Data shown →
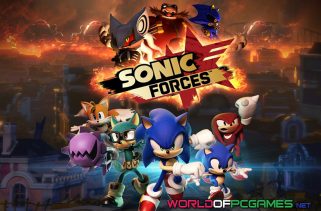 Sonic Forces Free Download PC Game By worldofpcgames.comm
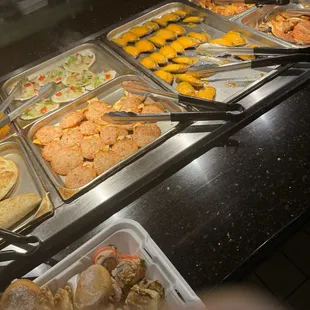 Wise variety of foods!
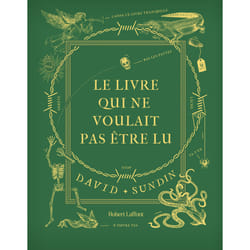 ISBN Le Livre qui ne voulait pas être lu : Le livre de David Sundin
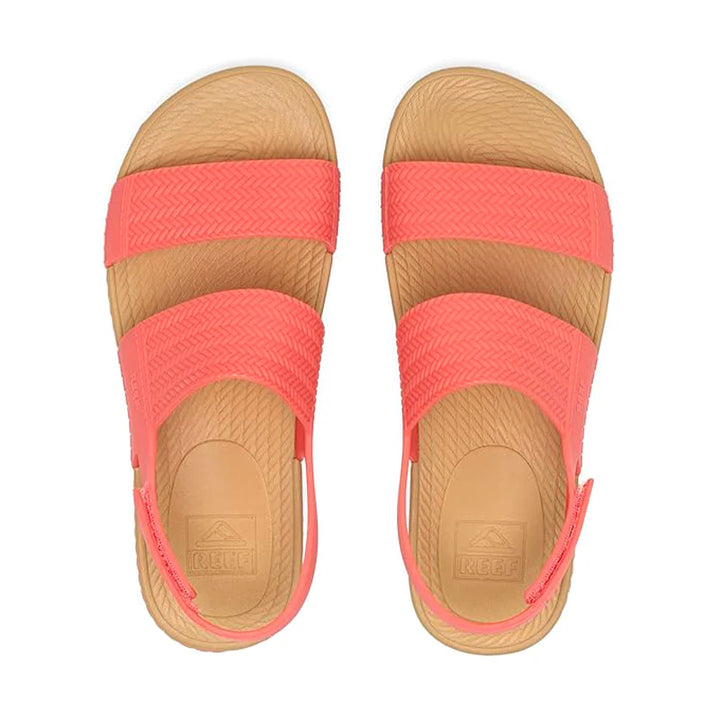 Reef Women's Reef Water Vista Sandals Sunset Coral 2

What you are asked to do → In your answer, copy exactly the lines running from the line with "Wise variety of foods!" to the end of the material above, both included, and omit all pictures.

Finished task →
 Wise variety of foods!
 ISBN Le Livre qui ne voulait pas être lu : Le livre de David Sundin
 Reef Women's Reef Water Vista Sandals Sunset Coral 2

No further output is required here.